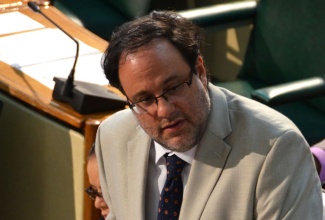 Minister of Justice, Senator the Hon. Mark Golding, addresses members of the Upper House on Friday (December 20).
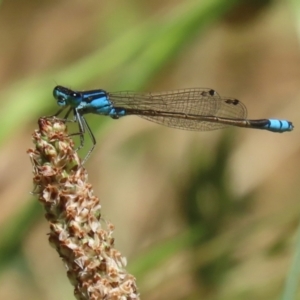 Ischnura heterosticta at BON200: Stranger Pond Bonython at BBQ shelter - 18 Nov 2023 11:44 AM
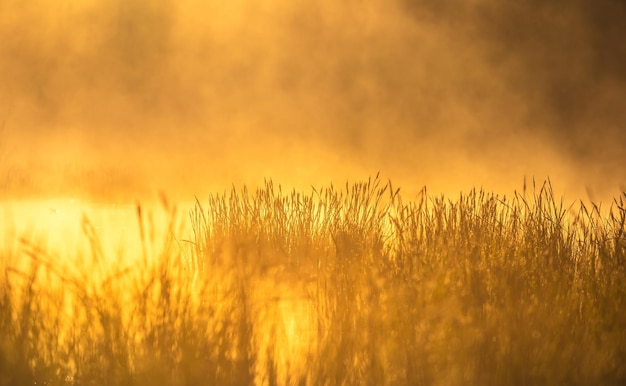 Photo a beautiful spring sunrise mist over the flooded wetlands warm spring scenery of swamp with grass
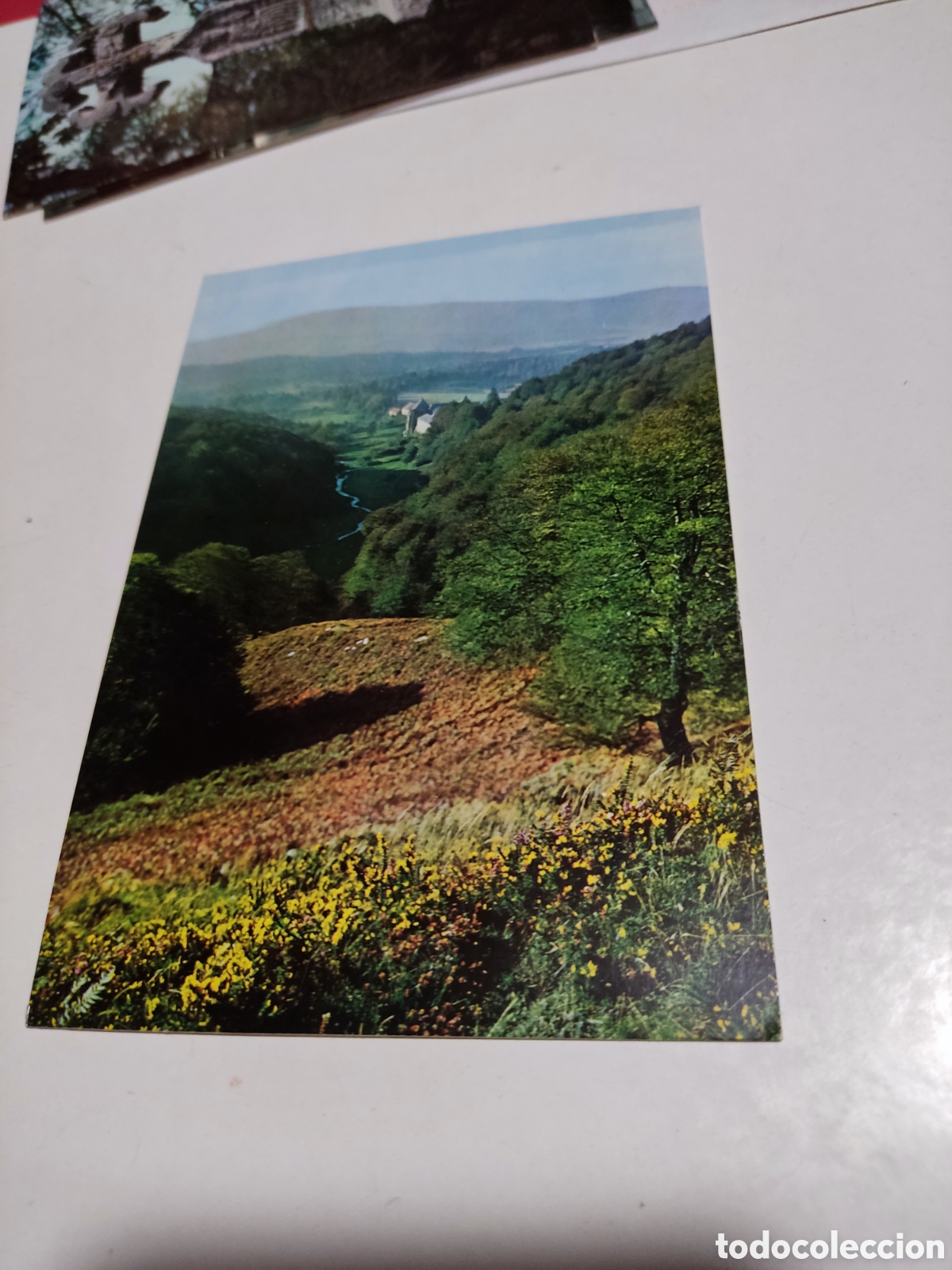 Postales: Postal Roncesvalles - Foto 1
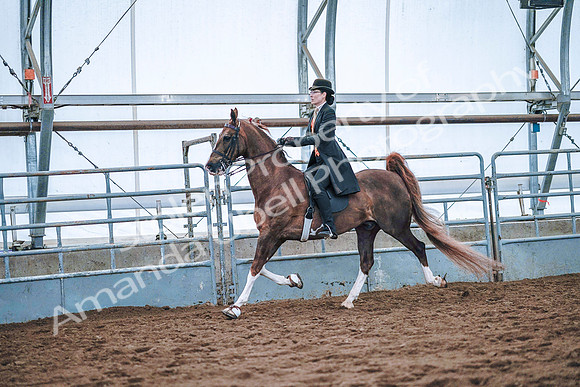 July 20, 2019 - 23829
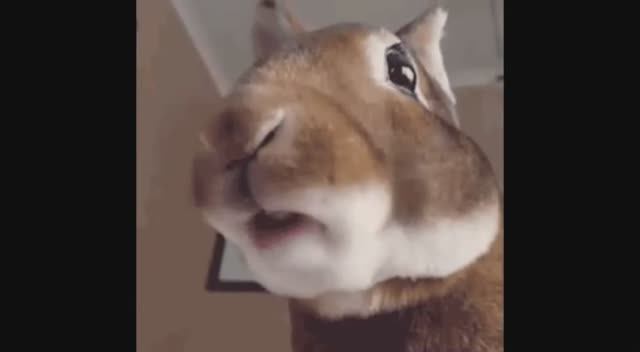 Enigma - El canto indio прикольные видео смотреть онлайн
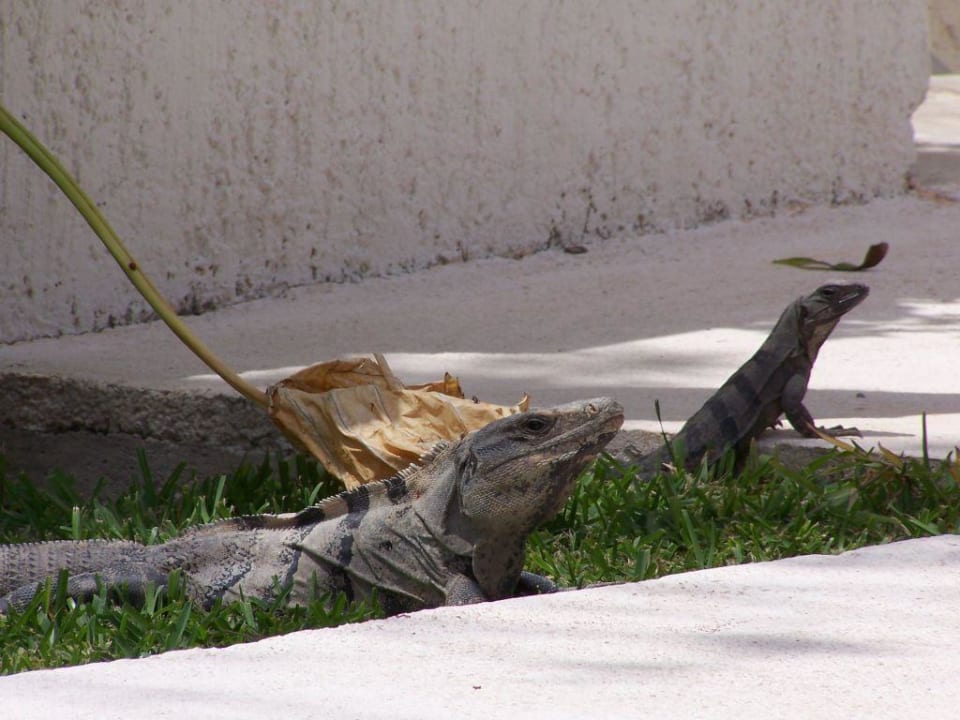 Leguane am Pool Grand Oasis Tulum Riviera - All Inclusive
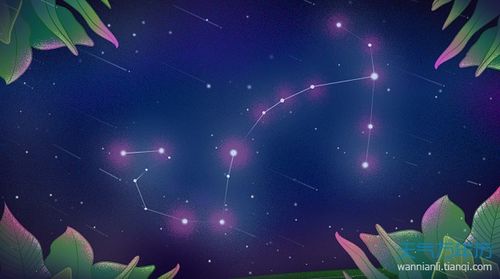 12星座的守护神兽是啥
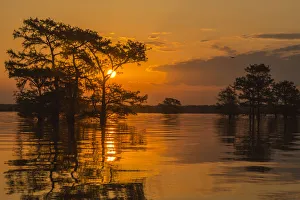 USA, Louisiana, Atchafalaya National Wildlife Refuge. Sunrise on swamp. Credit as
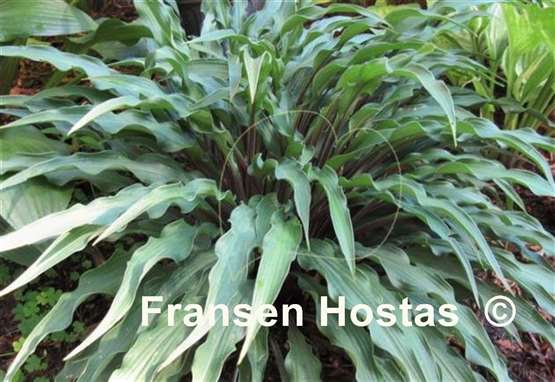 Hosta Zucchini Fries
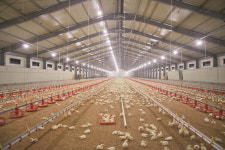 육계, 빛 관리 잘하면 스트레스 줄고 생산성 향상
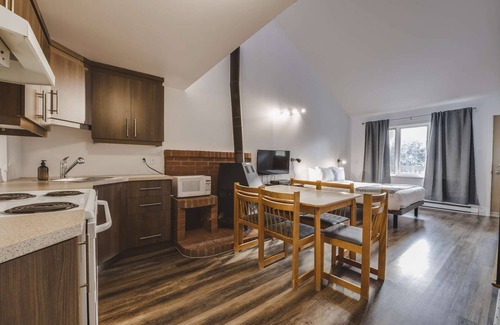 Saint Ferreol les Neiges House | Studio Chamonix 2 (Mezz 2 Q) - 4 people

══════════════════════════════

Task item: Exact copy, no pictures: write out all the records above.

Answer to this task:
 Minister of Justice, Senator the Hon. Mark Golding, addresses members of the Upper House on Friday (December 20).
 Ischnura heterosticta at BON200: Stranger Pond Bonython at BBQ shelter - 18 Nov 2023 11:44 AM
 Photo a beautiful spring sunrise mist over the flooded wetlands warm spring scenery of swamp with grass
 Postales: Postal Roncesvalles - Foto 1
 July 20, 2019 - 23829
 Enigma - El canto indio прикольные видео смотреть онлайн
 Leguane am Pool Grand Oasis Tulum Riviera - All Inclusive
 12星座的守护神兽是啥
 USA, Louisiana, Atchafalaya National Wildlife Refuge. Sunrise on swamp. Credit as
 Hosta Zucchini Fries
 육계, 빛 관리 잘하면 스트레스 줄고 생산성 향상
 Saint Ferreol les Neiges House | Studio Chamonix 2 (Mezz 2 Q) - 4 people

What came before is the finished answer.